The San Diego Union Tribune first reported on Friday that the destroyer named in Peralta's honor would be commissioned next summer in San Diego.

An exact date for the commissioning has not been set, said Navy Lt. Eric Durie, a spokesman for Navy Secretary Ray Mabus. Peralta's mother, Rosa, is the ship's sponsor.

"Destroyers are named for individuals who have displayed great valor, and though Sergeant Rafael Peralta cannot be here to receive this medal today, the ship that bears his name will continue to honor his memory and his heroism for decades to come, through the Sailors who are now serving, and will continue to serve, aboard that great ship," Mabus said when Peralta's family received his Navy Cross on June 8, 2015.

150608-N-AC887-004 CAMP PENDLETON (June 8, 2015) Secretary of the Navy (SECNAV) Ray Mabus comforts the mother of Marine Sgt. Rafael Peralta after presenting her with a Navy Cross, the Navy and Marine Corps' second highest medal for valor during a ceremony at Camp Pendleton. Mabus posthumously awarded the medal for actions Peralta took in 2004. (U.S. Navy photo by Chief Mass Communication Specialist Sam Shavers/Released)

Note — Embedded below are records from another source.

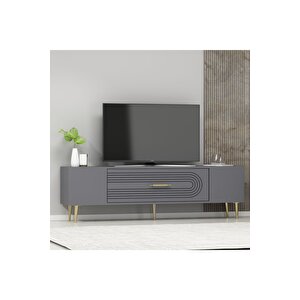 Dekol3dd Tv Sehpasi Antrasi̇t-altin Antrasit Gold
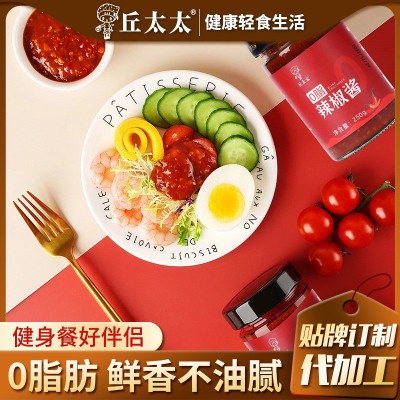 0脂辣椒酱丘太太低脂卡零脂肪拌面酱料250g农家下饭酱低脂辣椒酱图4
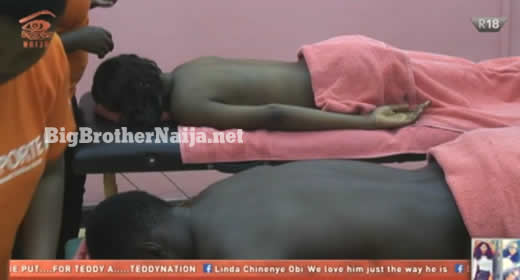 Ahneeka And Angel Receive Massages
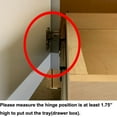 thumbnail image 5 of COUVER Bottom Mount Fully Assembled Slide Out Cabinet Shelf Pull-Out Wood Drawer Organizer 22.5"(W) x 21.25"(D) X 4"(H), Soft-Close Rail with Spacer(Easy to Install), 5 of 10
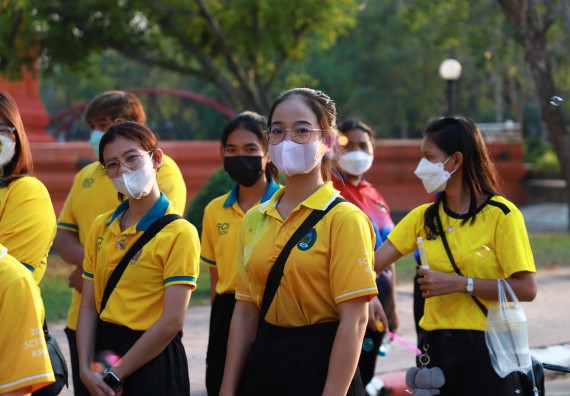 ภาพกิจกรรม  สโมสรนักศึกษา คณะวิทยาศาสตร์และเทคโนโลยี เข้าร่วมกีฬาระหว่างคณะ ปลาบึกเกมส์ ครั้งที่ 20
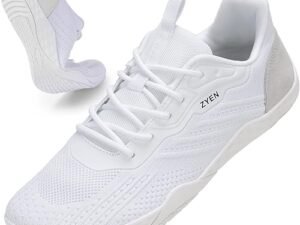 ZYEN Mens Barefoot Shoes Wide Toe Box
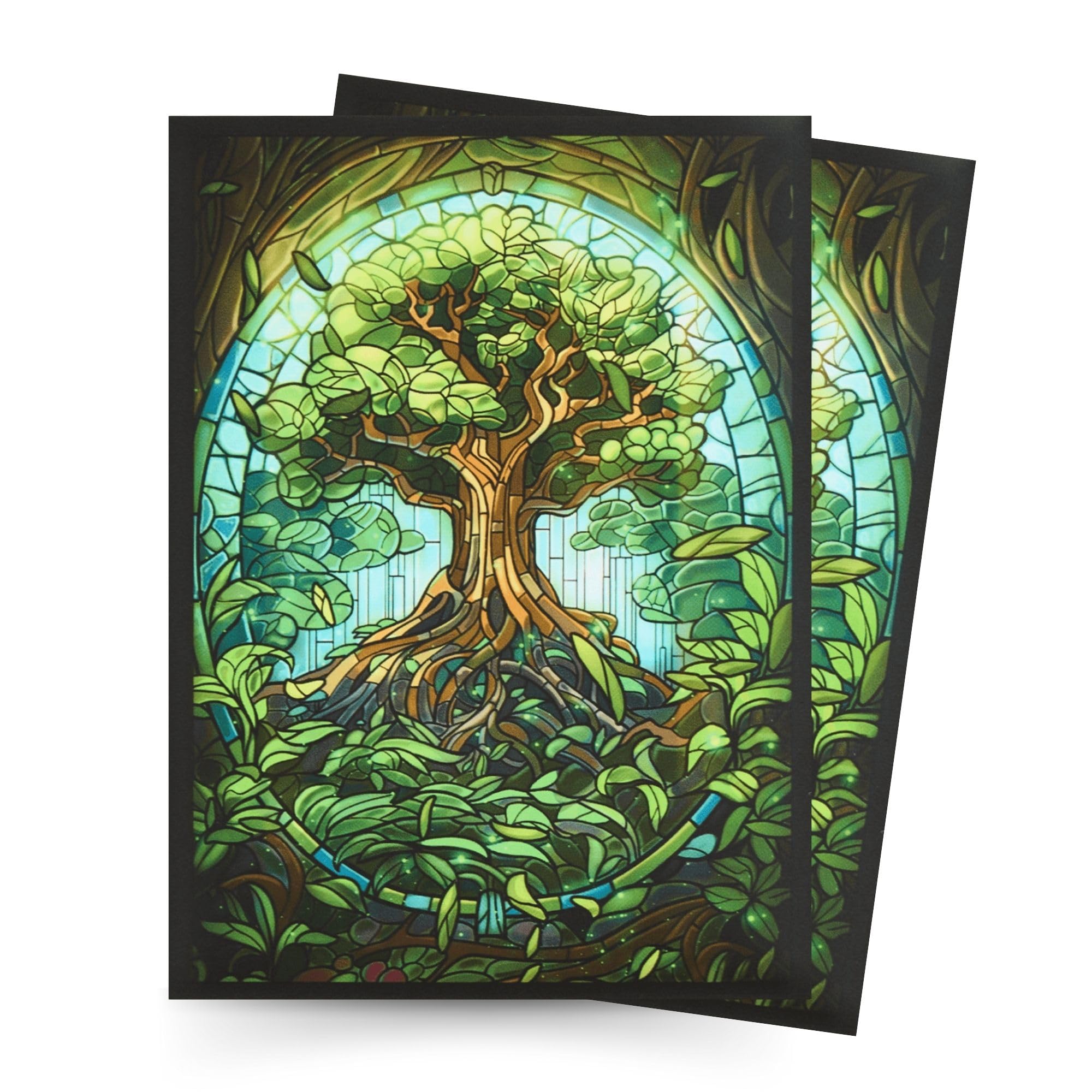 Arcane Fortress MTG Card Sleeves – 100 Count | Ultra-Durable Matte Art Card Sleeves for Intense Shuffling | Premium Fit for Magic: The Gathering Cards | Standard Size Wear-Resistant MTG Sleeve - Green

Navy Secretary Ray Mabus comforts the mother of Marine Sgt. Rafael Peralta after presenting her with a Navy Cross, the Navy and Marine Corps' second highest medal for valor during a ceremony at Camp Pendleton, Calif., on June 8, 2015.

Photo Credit: MCC Sam Shavers/Navy


In his book "Duty: Memoirs of a Secretary at War," former Defense Secretary Robert Gates revealed that he had recommended Peralta for the Medal of Honor but was forced to reconsider when the Defense Department inspector general's office alleged that Peralta could not have acted consciously after being hit in the head.

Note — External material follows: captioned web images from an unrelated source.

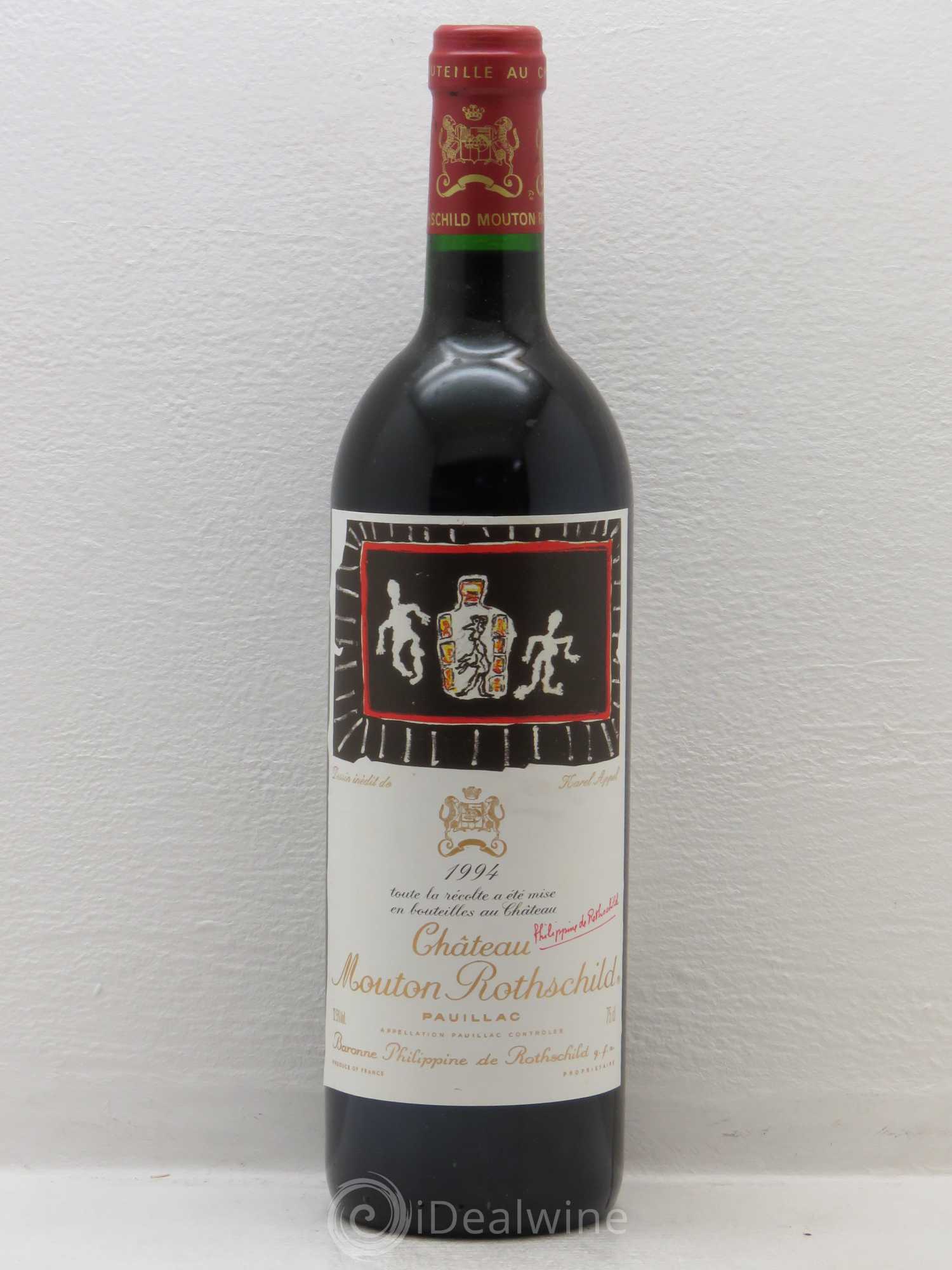 Château Mouton Rothschild 1er Grand Cru Classé 1994 - Lot de 1 bouteille - 0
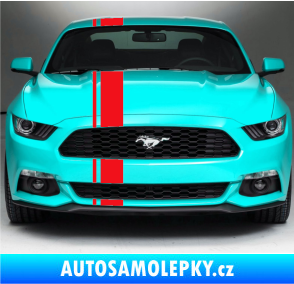 Samolepka Viper pruhy 2 cm + 12 cm červená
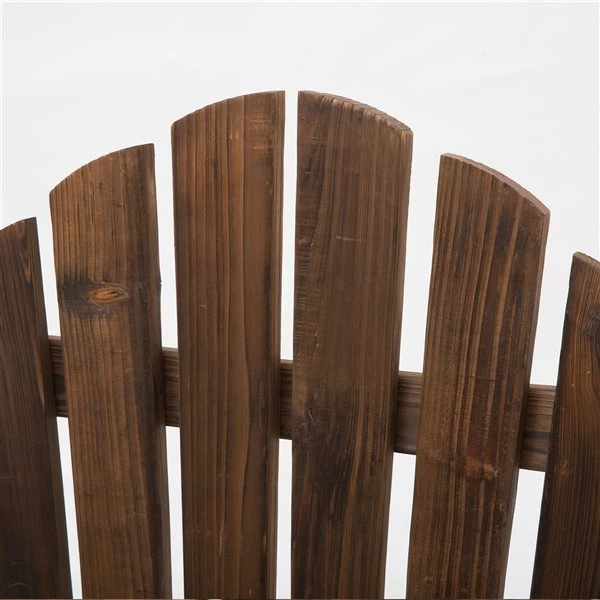 Banc De Jardin De Couleur Carbonisée Par Outsunny De 42,5 Po X 37,5 Po 6 Banc De Jardin De Couleur Carbonisée Par Outsunny De 42,5 Po X 37,5 Po – Image 4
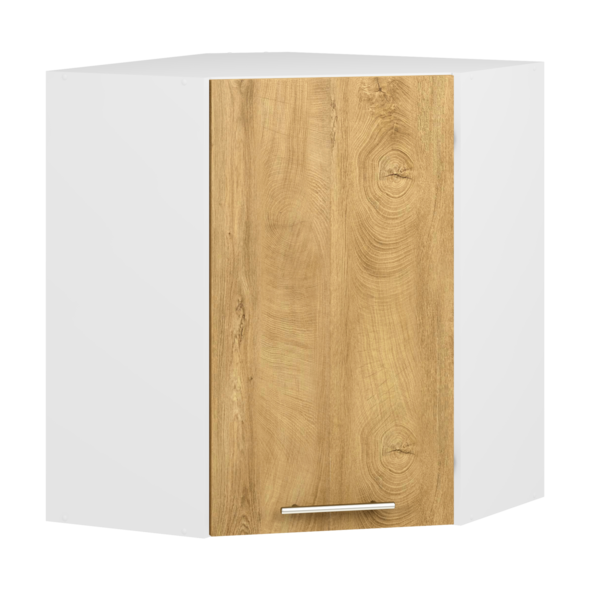VENTO GN-60/72 corner top cabinet, color: white / honey oak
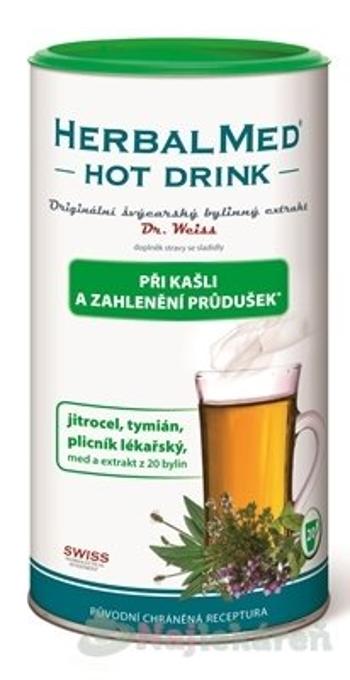 Dr.Weiss HerbalMed Hot Drink kašel a průdušky pri kašli a prechladnutí 180 g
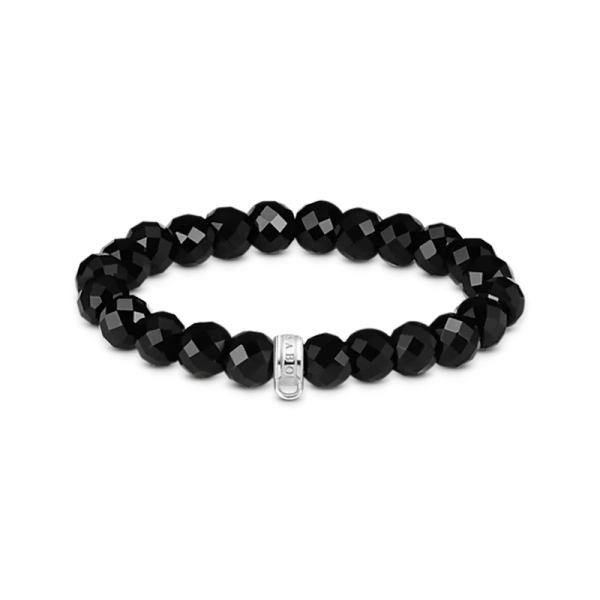 Charm-Armband Obsidian-Beads oval - Thomas Sabo - Nordic Spectra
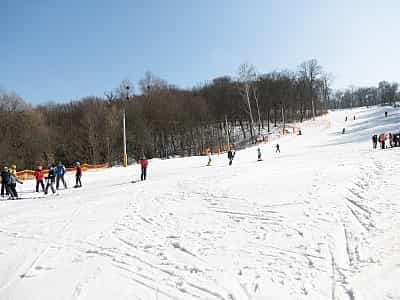 Лижний спуск "Goloseev Ski Park" має лише одну трасу довжиною в 500 метрів. Для підйому на вершину використовується бугельний витяг. 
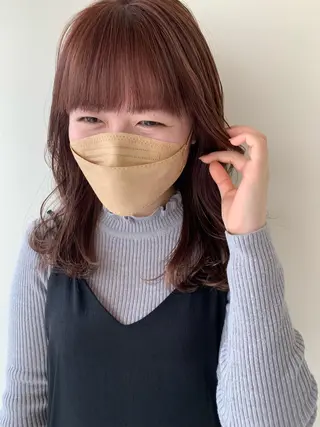 ミディアム カラー AR.MARA サトウヒカルのヘアスタイル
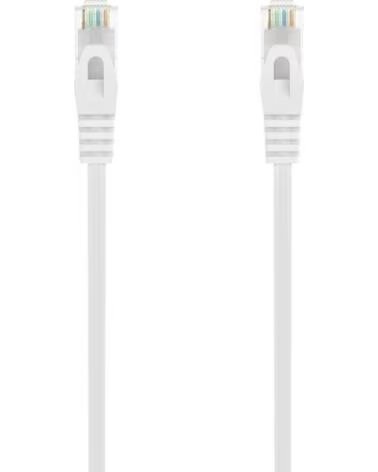 AISENS Cable de Red RJ45 AWG24 UTP A145-0593 Cat 6A- LSZH- 50cm- Blanco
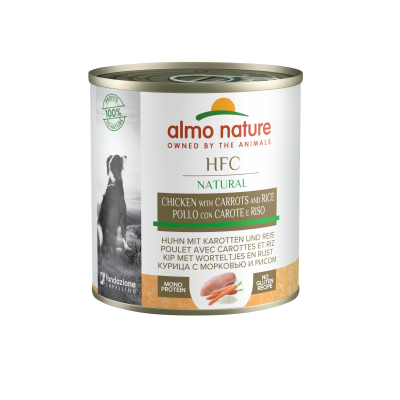Корм консервований Almo Nature для всіх порід з морквою та рисом 280 г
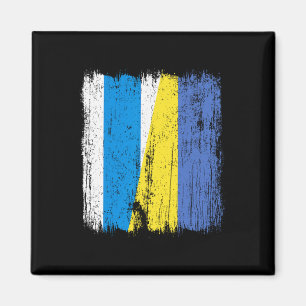 Aimant Russie libre Ukraine Drapeau moitié Opposition rus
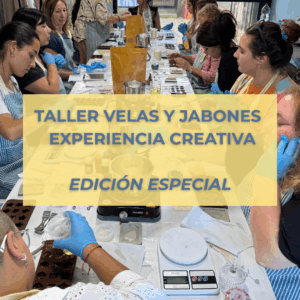 Taller velas y jabones edición especial - reserva 093459129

"Perhaps someday, should additional evidence and analysis come to light, the criteria for the award will be deemed to have been met, and Sergeant Peralta will receive the Medal of Honor," Gates wrote. "Regardless, there is no doubt he was a hero."

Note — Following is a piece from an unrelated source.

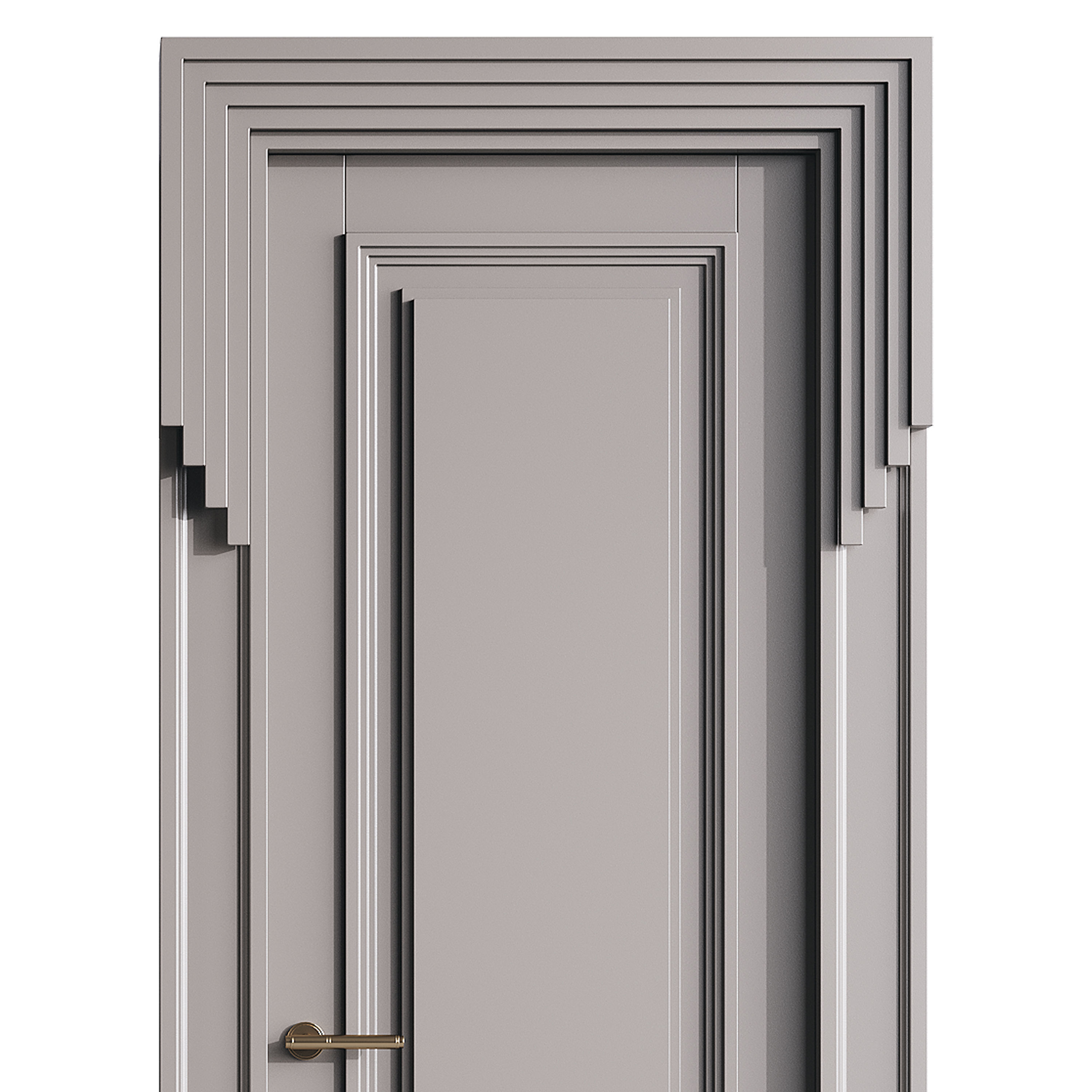 Modern entrance door 48 3D model_10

When Peralta posthumously received the Navy Cross in 2008, his family refused to accept the award as the debate about whether Peralta should receive the Medal of Honor raged.

His family changed their mind when they attended the keel-laying ceremony for the destroyer Rafael Peralta in October 2014, his sister, Icelda Peralta-Donald, told Marine Corps Times. Peralta's mother decided to donate her son's Navy Cross to the ship as part of a Navy tradition.

"That was her motivation to receive the Navy Cross," Peralta-Donald said for a May 29, 2015, story. "She feels that it will take Rafa's spirit and keep all the crew members safe. She feels that it will belong there."